- _Work instruction_
Write out the stretch of lines below that begins at the line with "Turn Pet Photo into Statue - Image 17" and ends at the line with "2024 Honda Ridgeline Sport", including both, exactly as given and nothing more.

Data items
--

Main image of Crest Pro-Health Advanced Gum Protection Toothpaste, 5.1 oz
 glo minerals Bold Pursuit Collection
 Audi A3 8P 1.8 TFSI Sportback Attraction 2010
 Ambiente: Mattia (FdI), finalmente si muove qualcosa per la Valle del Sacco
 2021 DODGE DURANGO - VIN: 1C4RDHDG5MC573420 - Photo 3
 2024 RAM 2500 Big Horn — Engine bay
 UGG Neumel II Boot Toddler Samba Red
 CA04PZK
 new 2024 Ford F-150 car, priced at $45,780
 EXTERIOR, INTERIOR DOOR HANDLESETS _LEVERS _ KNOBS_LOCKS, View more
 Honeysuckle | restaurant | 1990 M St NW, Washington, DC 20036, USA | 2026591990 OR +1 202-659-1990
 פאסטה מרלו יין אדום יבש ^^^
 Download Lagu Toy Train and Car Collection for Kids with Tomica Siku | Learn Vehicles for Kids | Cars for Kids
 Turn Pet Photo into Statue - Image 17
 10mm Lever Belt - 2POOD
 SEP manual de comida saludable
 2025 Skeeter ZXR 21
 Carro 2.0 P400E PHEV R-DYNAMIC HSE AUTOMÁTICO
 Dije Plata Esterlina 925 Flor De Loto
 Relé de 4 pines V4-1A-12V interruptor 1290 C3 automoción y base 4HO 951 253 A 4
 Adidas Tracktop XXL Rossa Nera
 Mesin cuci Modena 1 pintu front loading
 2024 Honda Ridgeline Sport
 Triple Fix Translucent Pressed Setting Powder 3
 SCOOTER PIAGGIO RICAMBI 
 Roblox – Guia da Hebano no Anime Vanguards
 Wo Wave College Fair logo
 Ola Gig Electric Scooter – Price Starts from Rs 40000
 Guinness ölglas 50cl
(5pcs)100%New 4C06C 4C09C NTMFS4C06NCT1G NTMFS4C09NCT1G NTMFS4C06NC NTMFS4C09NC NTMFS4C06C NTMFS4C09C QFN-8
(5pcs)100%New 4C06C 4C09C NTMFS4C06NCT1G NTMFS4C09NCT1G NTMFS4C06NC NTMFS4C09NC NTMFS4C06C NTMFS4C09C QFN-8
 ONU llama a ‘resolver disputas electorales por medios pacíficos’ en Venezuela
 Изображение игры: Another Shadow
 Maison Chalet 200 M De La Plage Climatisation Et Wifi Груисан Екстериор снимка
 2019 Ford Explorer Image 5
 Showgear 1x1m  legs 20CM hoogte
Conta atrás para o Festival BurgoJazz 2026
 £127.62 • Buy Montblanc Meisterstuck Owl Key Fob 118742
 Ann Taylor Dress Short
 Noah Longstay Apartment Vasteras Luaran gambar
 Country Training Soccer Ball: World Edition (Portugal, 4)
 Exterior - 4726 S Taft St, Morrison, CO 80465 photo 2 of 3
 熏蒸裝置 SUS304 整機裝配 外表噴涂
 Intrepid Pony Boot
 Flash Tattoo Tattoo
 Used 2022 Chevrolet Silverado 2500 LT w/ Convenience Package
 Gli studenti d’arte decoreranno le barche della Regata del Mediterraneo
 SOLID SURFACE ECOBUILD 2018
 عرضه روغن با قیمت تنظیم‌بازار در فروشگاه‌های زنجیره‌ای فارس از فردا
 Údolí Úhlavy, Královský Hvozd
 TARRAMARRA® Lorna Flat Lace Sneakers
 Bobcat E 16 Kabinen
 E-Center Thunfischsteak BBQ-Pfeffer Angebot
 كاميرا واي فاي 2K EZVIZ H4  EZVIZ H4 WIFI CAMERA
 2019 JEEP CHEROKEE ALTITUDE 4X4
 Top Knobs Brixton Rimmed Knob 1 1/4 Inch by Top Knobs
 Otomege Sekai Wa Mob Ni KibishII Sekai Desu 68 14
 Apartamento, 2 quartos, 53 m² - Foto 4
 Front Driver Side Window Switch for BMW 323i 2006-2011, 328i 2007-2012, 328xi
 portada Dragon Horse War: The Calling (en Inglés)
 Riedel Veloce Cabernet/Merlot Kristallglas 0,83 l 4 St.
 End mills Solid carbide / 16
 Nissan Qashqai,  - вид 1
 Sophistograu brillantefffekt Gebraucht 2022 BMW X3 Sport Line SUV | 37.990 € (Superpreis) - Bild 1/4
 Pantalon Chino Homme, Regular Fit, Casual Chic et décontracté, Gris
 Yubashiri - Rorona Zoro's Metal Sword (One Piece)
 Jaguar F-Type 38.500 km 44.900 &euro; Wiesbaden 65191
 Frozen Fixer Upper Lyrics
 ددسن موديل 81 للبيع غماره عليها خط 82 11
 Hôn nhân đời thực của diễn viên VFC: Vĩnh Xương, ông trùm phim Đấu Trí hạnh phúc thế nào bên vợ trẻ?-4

--

- _Solution to the exercise_
 Turn Pet Photo into Statue - Image 17
 10mm Lever Belt - 2POOD
 SEP manual de comida saludable
 2025 Skeeter ZXR 21
 Carro 2.0 P400E PHEV R-DYNAMIC HSE AUTOMÁTICO
 Dije Plata Esterlina 925 Flor De Loto
 Relé de 4 pines V4-1A-12V interruptor 1290 C3 automoción y base 4HO 951 253 A 4
 Adidas Tracktop XXL Rossa Nera
 Mesin cuci Modena 1 pintu front loading
 2024 Honda Ridgeline Sport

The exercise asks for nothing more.